• About this exercise
Please return the records below exactly as they appear, leaving every picture out.

• Entries provided
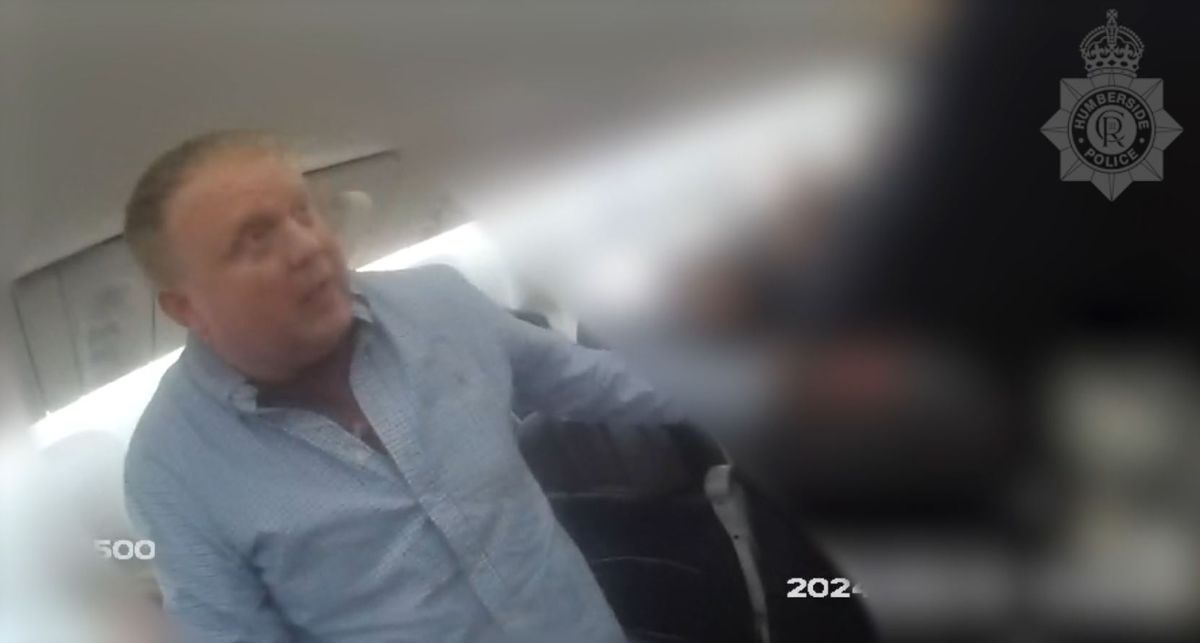Robert Bush looks surprised as he is asked to accompany the police off the plane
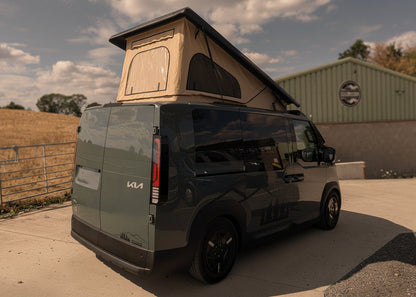 A Kia PV5 beige canvas pop top roof camper van with a rooftop tent raised above the roof, parked outdoors on a concrete surface near a green building under a blue sky with clouds.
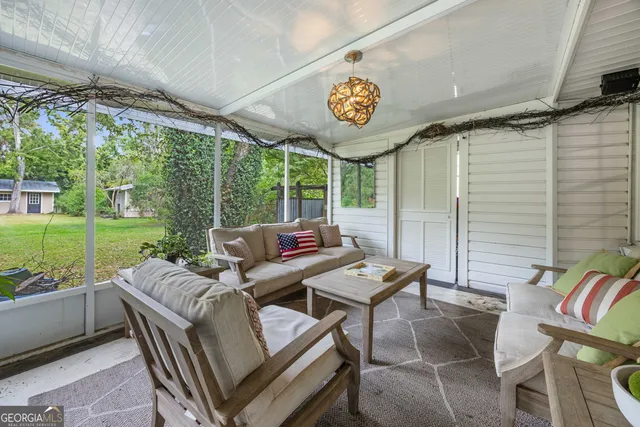 a view of a patio with a table chairs and a table
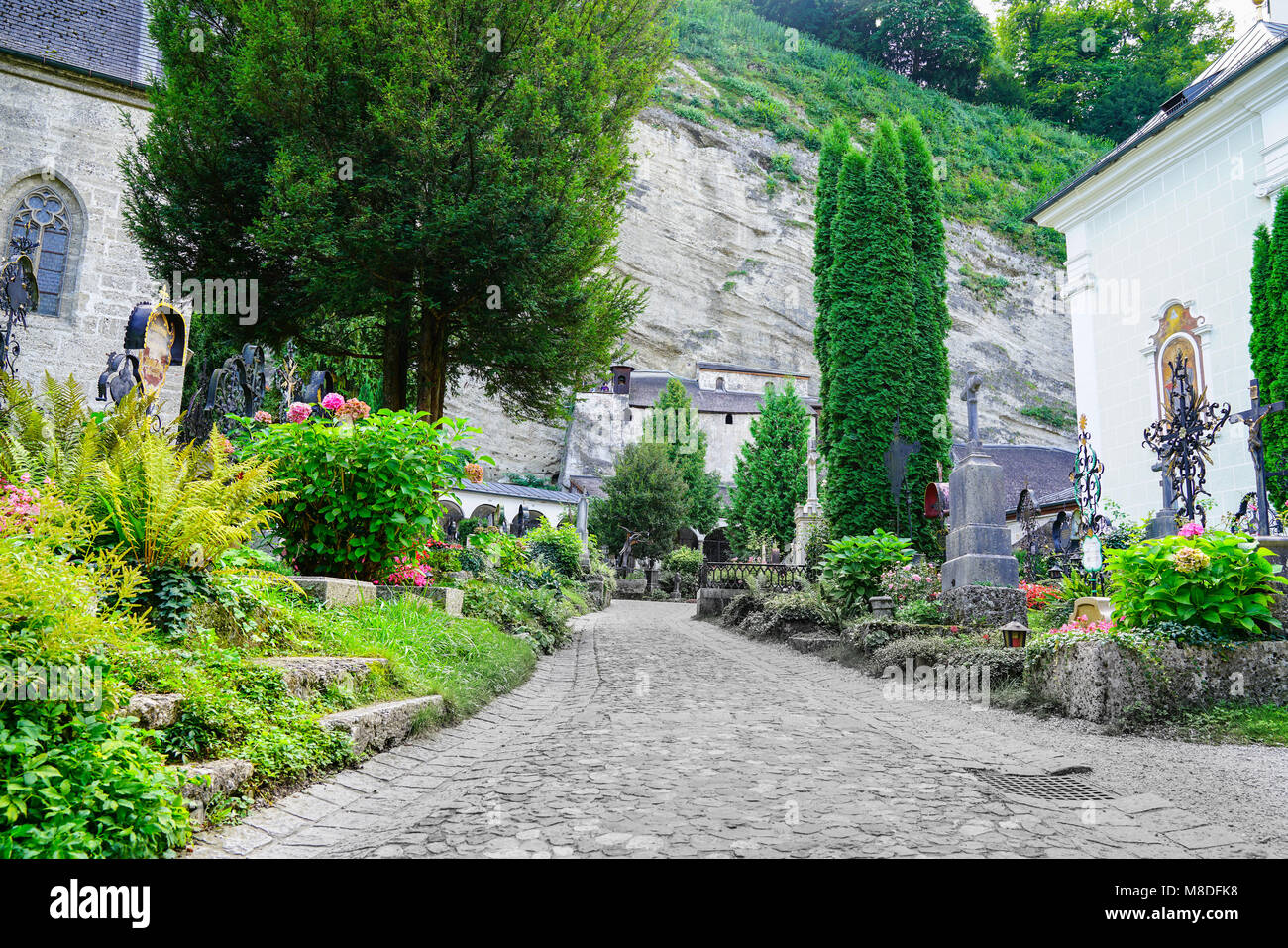 SALZBURG, AUSTRIA - SEPTEMBER 6 2017;  path between luxuriant cemetery gardens and graves and St. Peter's church Stock Photo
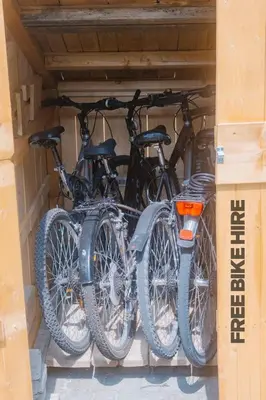 a couple of bikes parked in a garage at Cozy wabi-sabi retreat w bikes by the river in Bohinj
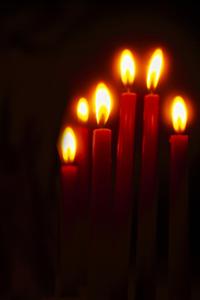 An array of lit candles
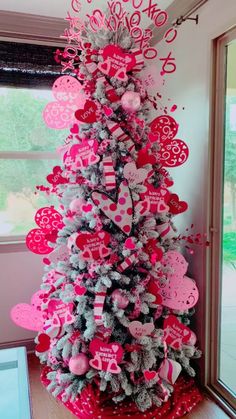 a pink and silver christmas tree with hearts on it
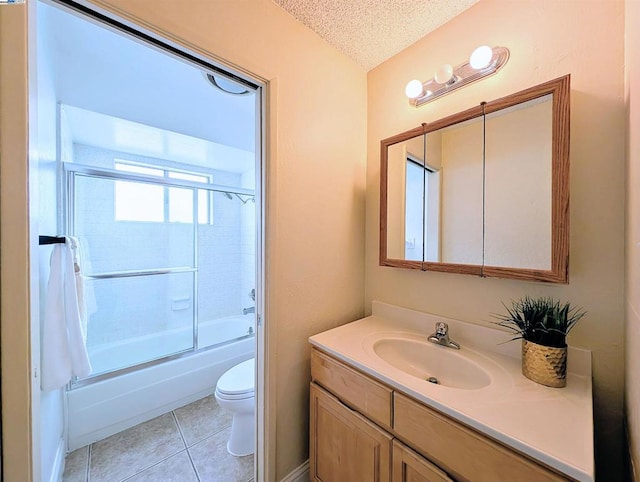 full bathroom featuring combined bath / shower with glass door, vanity, toilet, tile patterned floors, and a textured ceiling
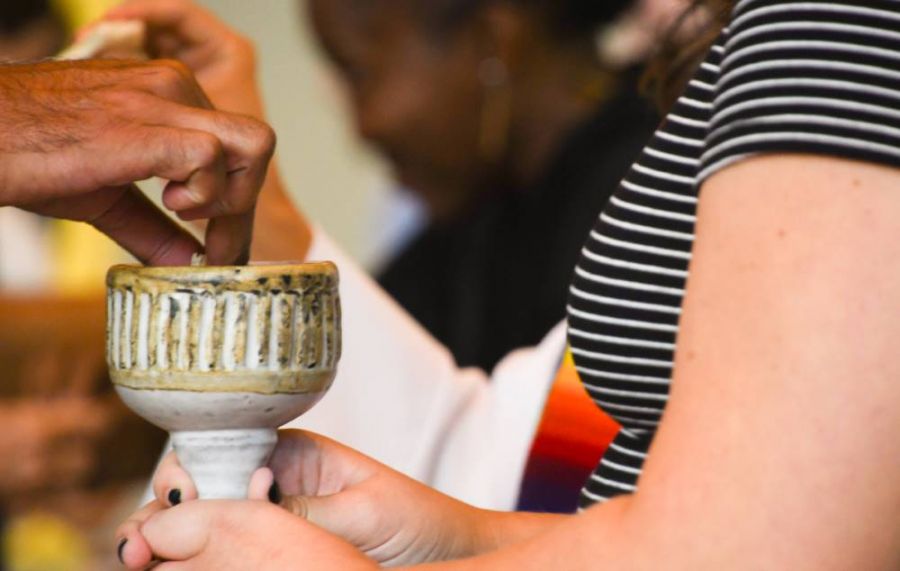 Hand dips communion bread into a ceramic communion cup.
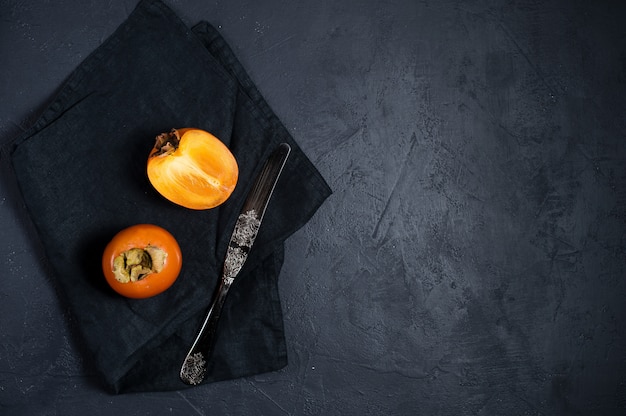 Persimmon mûr, couteau sur fond noir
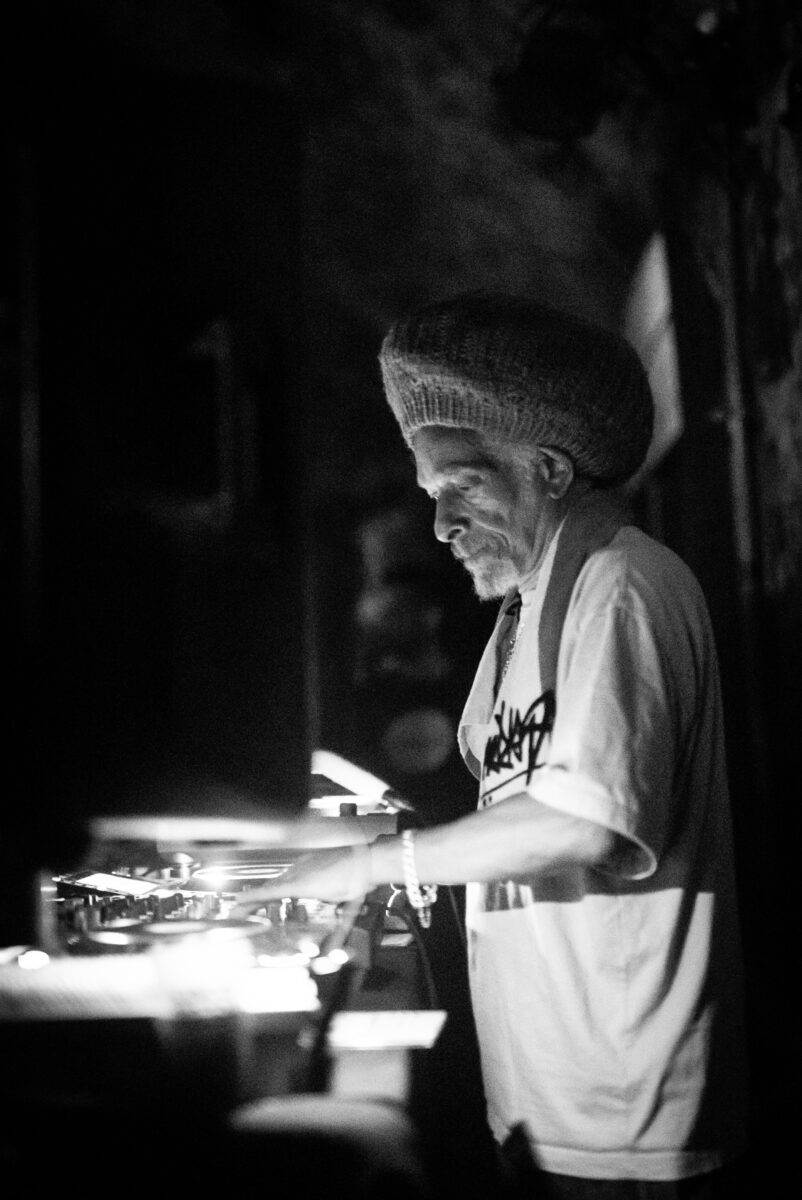 An image of Don Letts DJing at Loco Klub for the Diaspora event. The image is greyscale.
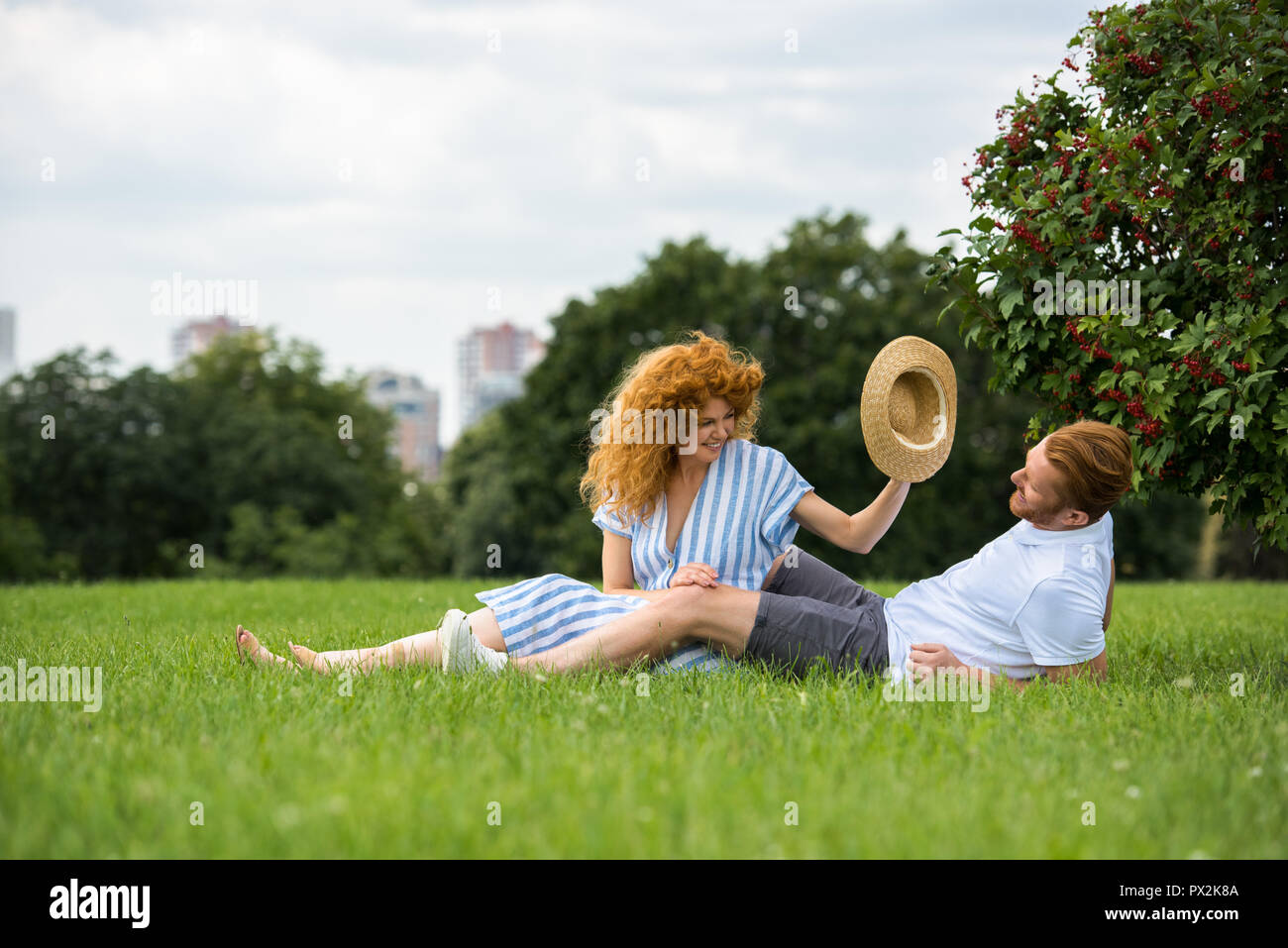 Sorridente redhead donna cercando di mettere il proprio cappello di paglia sulla testa di ragazzo di erba in posizione di parcheggio Foto Stock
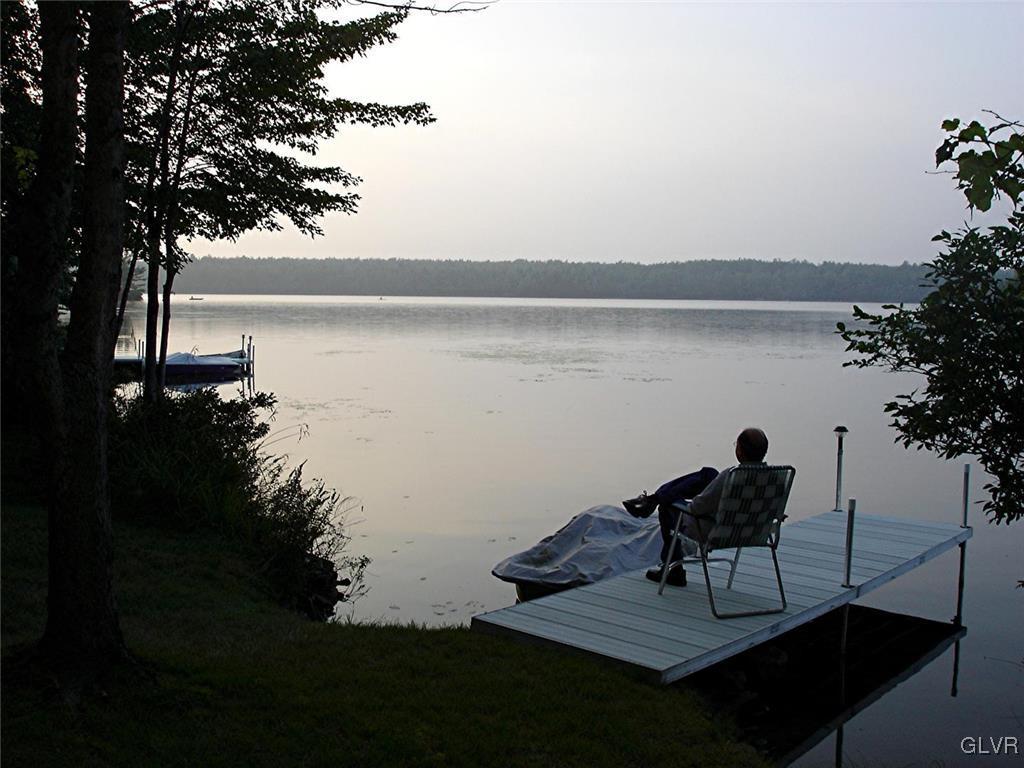 3246 Willow Grove Road Pocono Summit, PA 18346 - Photo 29 of 30 a view of a lake from a balcony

• Expected output
Robert Bush looks surprised as he is asked to accompany the police off the plane
 A Kia PV5 beige canvas pop top roof camper van with a rooftop tent raised above the roof, parked outdoors on a concrete surface near a green building under a blue sky with clouds.
 a view of a patio with a table chairs and a table
 SALZBURG, AUSTRIA - SEPTEMBER 6 2017;  path between luxuriant cemetery gardens and graves and St. Peter's church Stock Photo
 a couple of bikes parked in a garage at Cozy wabi-sabi retreat w bikes by the river in Bohinj
 An array of lit candles
 a pink and silver christmas tree with hearts on it
 full bathroom featuring combined bath / shower with glass door, vanity, toilet, tile patterned floors, and a textured ceiling
 Hand dips communion bread into a ceramic communion cup.
 Persimmon mûr, couteau sur fond noir
 An image of Don Letts DJing at Loco Klub for the Diaspora event. The image is greyscale.
 Sorridente redhead donna cercando di mettere il proprio cappello di paglia sulla testa di ragazzo di erba in posizione di parcheggio Foto Stock
 3246 Willow Grove Road Pocono Summit, PA 18346 - Photo 29 of 30 a view of a lake from a balcony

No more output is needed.